この特例そのものの説明は省きますが、簡単に書くと「自分が住むための住宅用の家屋」を「新築する、取得する(建売のものを買う)、増改築するための資金」を「自分の父母や祖父母(直系尊属)から贈与してもらう」場合に、その贈与分が非課税になったり、直系尊属が60歳未満でも暦年課税ではなく相続時精算課税を選ぶことができたりする特例です。
住宅借入金等特別控除(住宅ローン控除)
そして、住宅借入金等特別控除は、通常は「住宅ローン控除」や「住宅ローン減税」と呼ばれているもので、税額控除(税額をいったん計算した後の段階で、その税額に対して行う控除)です。この控除が適用される場合、一定の期間は住宅ローン等の年末残高に、一定の割合を掛けた分を、直接的に所得税額から減らすことができます。
タックスアンサーでは、No.1213 住宅を新築又は新築住宅を取得した場合(住宅借入金等特別控除)とNo.1214 中古住宅を取得した場合(住宅借入金等特別控除)とNo.1216 増改築等をした場合(住宅借入金等特別控除)の3つのページがありますが、【ケース1】は「住宅取得等資金の贈与の特例」も関係する=「新築・取得・増改築」なので、No.1213とNo.1216の方を見てみます。
「3 住宅借入金等特別控除の控除期間及び控除額の計算方法」のところに、(注1)と(注2)の2つの注意書きがあります。 (注1)が国や自治体からの補助金などがある場合、(注2)が贈与税の住宅取得等資金の贈与の特例がある場合です。
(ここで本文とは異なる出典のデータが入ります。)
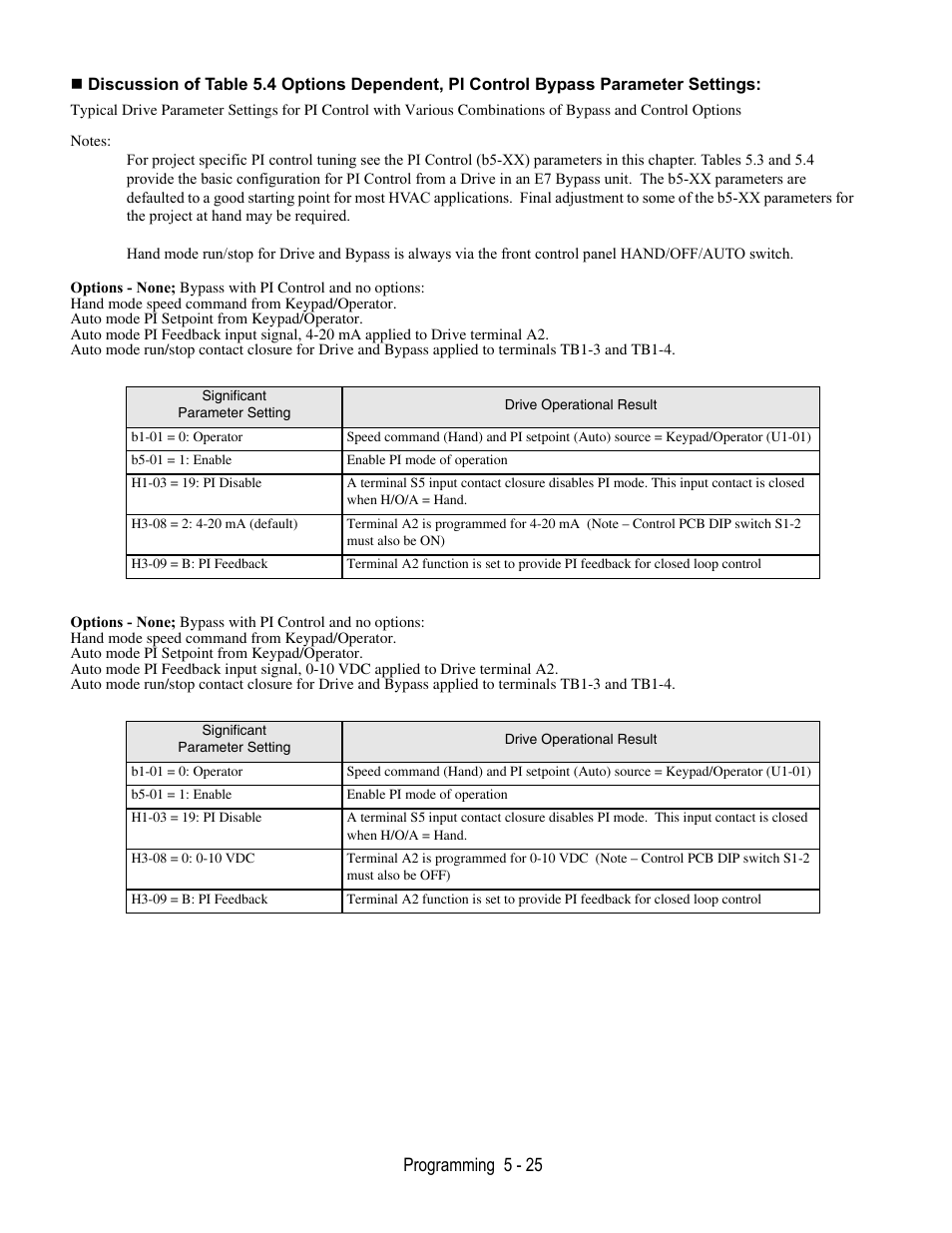Programming 5 - 25 | Yaskawa E7B Drive Bypass User Manual | Page 119 / 306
(注1)の補助金などの金額、(注2)の特例の適用を受けた住宅取得等資金の額を、まず住宅ローン等の年末残高から差し引いてから各年の控除額を計算することとなってます。
小まとめ・実際の計算例
ごちゃごちゃしてきたので一旦整理しましょう。
数段落前で、住宅借入金等特別控除は税額控除だと書きました。税額控除はいったん計算して出てきた税額に対して行う控除ですから、その前の段階である税額の計算で、補助金や特例の適用を受けた資金を考慮して減算しなければなりません。しかし、【ケース1】では、その減算を行わないまま住宅借入金等特別控除を適用して申告してしまったというケースです。
井上寧税理士事務所様の贈与を受けた住宅取得等資金と住宅ローンにより一戸建てを購入。住宅ローン控除と贈与税の非課税は併用できますか?という記事が参考になります。
この例では、家屋の取得対価額が3,000万円、自己名義での借入金が2,500万円となっており、贈与がなければ借入金の2,500万円が住宅ローン控除の計算の基礎額となりますが、実際は贈与を700万円受けており、3,000万円から700万円を引くと、実際に借入れした2,500万円よりも手出しとなる2,200万円の方が小さいため、住宅ローン控除も2,200万円を基礎として計算する、ということです。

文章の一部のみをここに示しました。